In order to further boost K-pop globally, Korean producers and artists should try mixing different genres such as hip pop and jazz whose sounds are appealing in other parts of the world, a prominent U.S. music producer and artist said.
“Maybe, it could combine musical elements around the world. I have used R&B, hip pop, Bollywood sounds and Asian sounds -- anything that triggered a somewhat different culture,” said Nate “Danja” Hills at a news conference in Seoul on Tuesday.
“I think that is what it is. We have to make it worldly. Maybe that is how to get the K-pop sound worldwide.”
Hills, a record producer and artist who has worked with singers including Britney Spears, Whitney Houston and Justin Timberlake, was invited as one of the keynote speakers for “The Future of Music Production” at the 4th Seoul International Music Fair 2015, or MU:CON, at the Dongdaemun Design Plaza in Seoul.
Over the next two days, global and local musicians, artists and producers will gather not only for business exchanges but also find ways to use technology and innovate to attract a greater number of music audiences in emerging markets such as China and Indonesia.
Under the theme of “Key to the Global Music Gate,” MU:CON 2015 will hold forums on music licensing, digital music markets and emerging technologies such as virtual reality and holograms.
“We aim to create a new culture through this conference by tearing down boundaries through music,” said Song Sung-gak, president and CEO of the Korea Creative Content Agency, the host of MU:CON 2015.

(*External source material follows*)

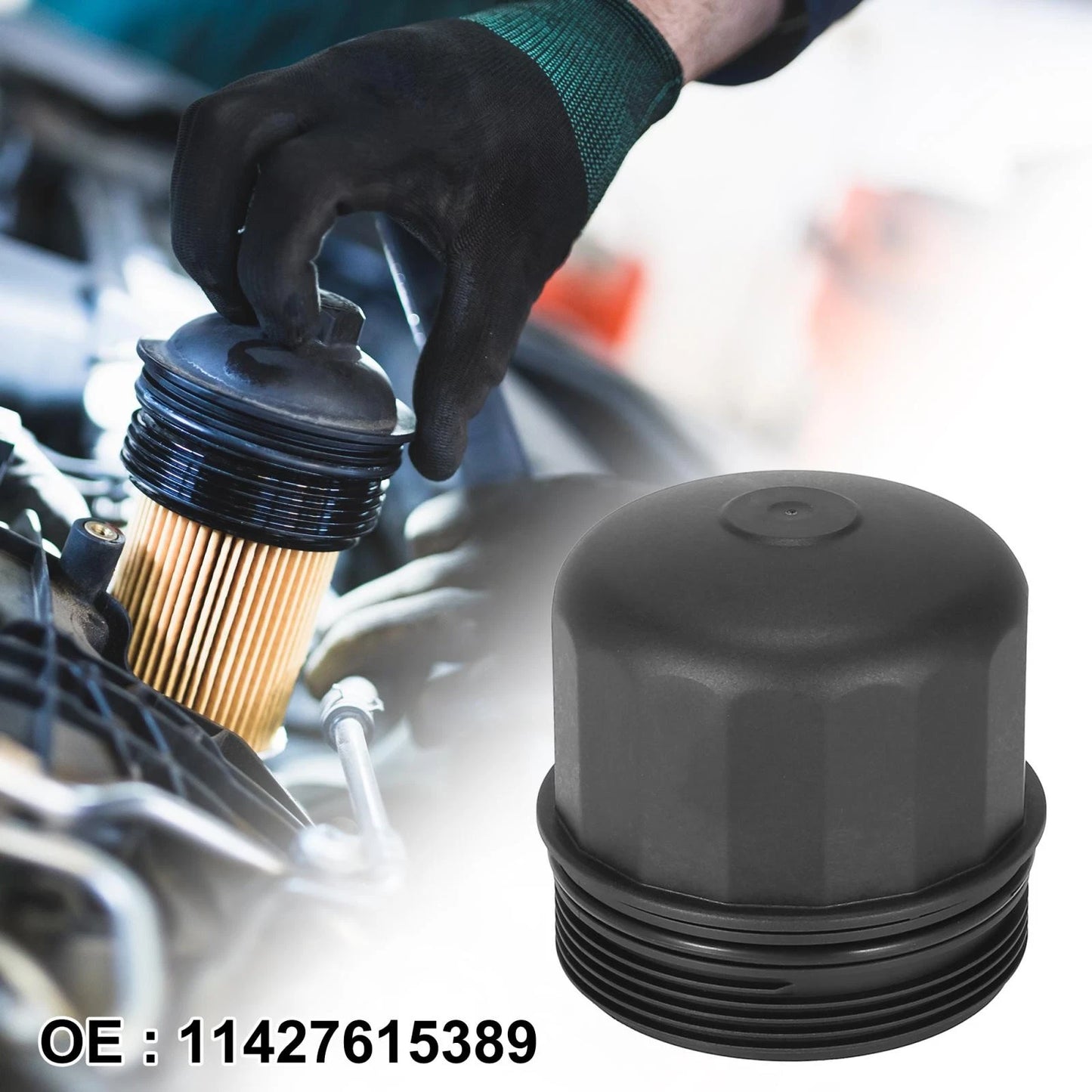 Oil Filter Cap Housing for BMW F02 F07 F10 F12 M5 X6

Entertainment companies such as CJ E&M and SM Entertainment, and professors from KAIST and Catholic Kwandong University will hold forums and seminars. MU:CON will showcase performances of some 50 artists, including alternative bands Hyukoh and Kiha & The Faces, and K-pop groups B1A4 and GFriend.
Hills said old, new, big or small music artists and producers should embrace new technologies, which can help not only to create music cost-effectively, but also make quality sounds at home equivalent to those made in large studios with special equipment.
Technology has enabled people to “cut a lot of corners,” and learn tools and software programs on their own to create quality music on the Internet via various streaming platforms.
“I can produce quality sound in front of you guys right now, and mix and master in 15 minutes. Technology has allowed us to do it, and put everyone on the same playing field -- big or small are competing at the same level,” he said.
“It can be difficult for those really talented to shine through because untalented people can learn technology to create music.”
Despite technology enabling music production and accessibility, Hills said musicians should ultimately seek to create expression, and producers should help artists translate musical expression for global audiences.
“Music is expression. They make music differently in London, U.S. or in Asia. I can’t say one is better than other. I heard great music in Asia, stupid in America. There is no right or wrong, or better or worse. It is ultimately artists’ expression,” Hills said.
“Producers are the gateway. I like to translate what artists bring. My job is to translate music internationally.”